Now a new National Bureau of Economic Research (NBER) working paper from Hanushek, Rivkin, and several colleagues extends their prior work using Texas data to examine the impact of principals on student achievement to assess potential impacts not just on short-term outcomes like test scores and attendance, but also on students’ longer-term outcomes, such as higher education, employment, and involvement in the criminal justice system.
The researchers analyzed data from eighth-grade cohorts from 2001 to 2012, assessing the impact of middle-school principals in two stages. First, they use a value-added framework that controls for students’ background characteristics to examine how principals affect students’ short-term outcomes, such as test scores, absences, and suspensions. These outcomes serve as indicators of principals’ influence on students’ cognitive and noncognitive skills, although, as with their prior research, they do not have an effective method for distinguishing between the effects of the principals themselves and the other effects of the students’ schools. Still, they say that their method of identifying effects on cognitive and non-cognitive skills prior to examining effects on long-term outcomes reduces potential bias. They measure cognitive skills by calculating improvements in test scores, while noncognitive skills are assessed from patterns in attendance and suspension rates.
In the second stage, the authors investigated whether these short-term impacts could predict students’ long-term success. This was made possible by the comprehensive nature of Texas’s administrative data, which not only cover an extensive period, but also capture a large and diverse student population, reducing the likelihood of students leaving the dataset due to moving out of state.

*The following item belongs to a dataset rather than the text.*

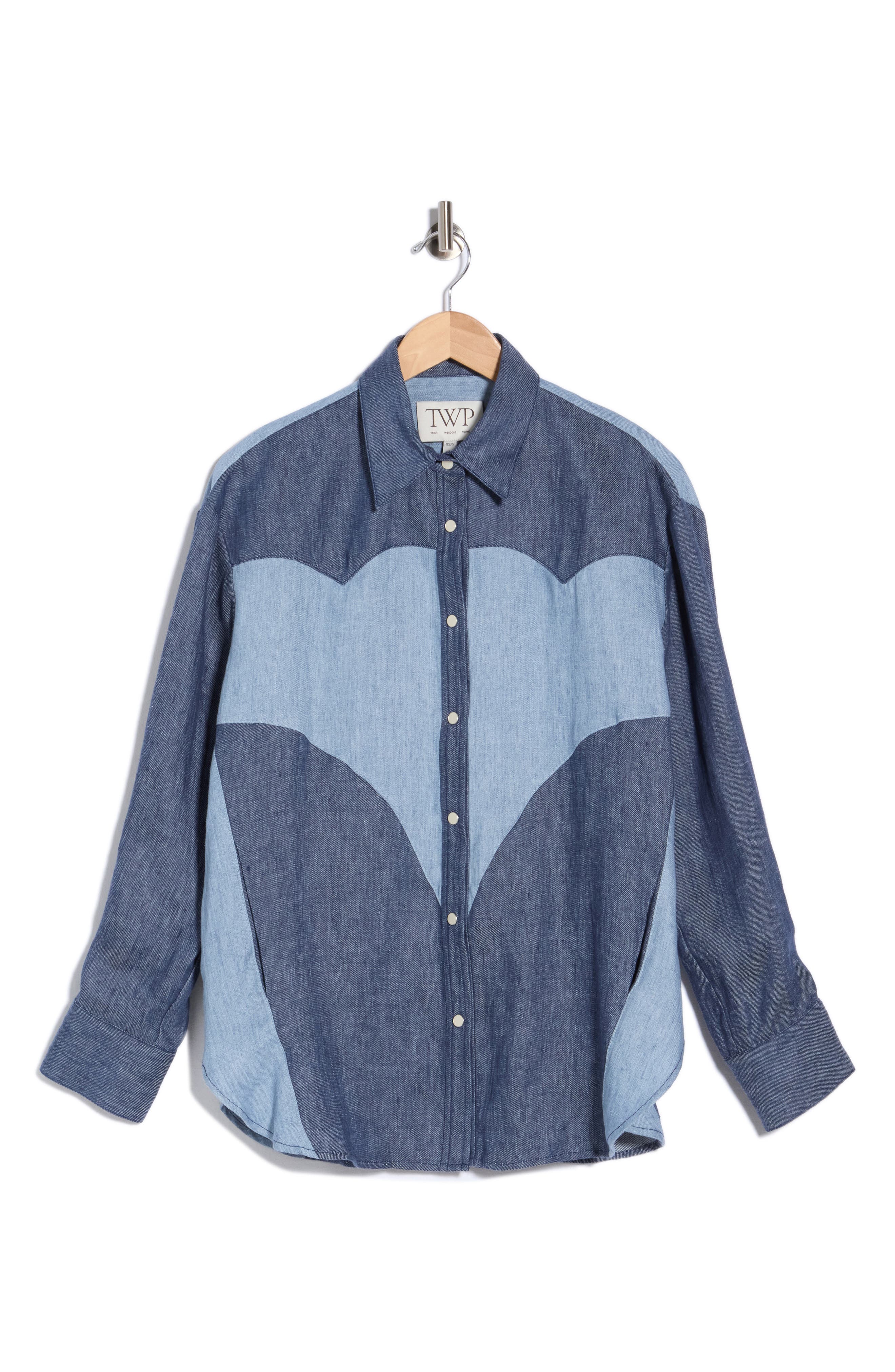 Austin Hemp Button-Up Shirt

The study demonstrates that middle school principals don’t just shape students’ academic performance during their school years; their influence extends far beyond the classroom. For instance, students with principals whom the researchers identified has having high test-score value added were more likely to pursue higher education and persist through college: Attending a school with a principal who was one standard deviation above average on their metric increased the likelihood of attending college by about 10 percent of a standard deviation.
Moreover, students with principals whom the researchers identified has having high value added for suspensions—perhaps by creating stronger school cultures—had a profound impact on their students’ future interactions with the criminal justice system. Male students who attended schools with principals who were 1 standard deviation above average at on this metric were about 15 percent of a standard deviation less likely to be arrested later in life. This finding underscores that what happens during students’ school years can have long-range consequences.
Interestingly, the effects of principals were not uniform across all student demographics. The researchers found that although the influence of a principal on noncognitive skills (such as reducing suspensions) positively affected all students, the impact was significantly greater for Black students compared to their peers. (Other principal effects were more consistent across racial groups.)
This new study provides new evidence of the importance of school leadership. The influence of school leaders can extend far beyond academic performance, affecting students’ life trajectories in meaningful ways. It also adds to the evidence that shorter-term academic outcomes, such as standardized test scores, can be useful proxies for important long-term student outcomes. Understanding the role of principals could be key to ensuring that more students have the opportunity to succeed both in school and in life.
SOURCE: Eric A. Hanushek, Andrew J. Morgan, Steven G. Rivkin, Jeffrey C. Schiman, Ayman Shakeel, and Lauren Sartain, “The Lasting Impacts of Middle School Principals,” National Bureau of Economic Research, Working Paper 32642 (2024).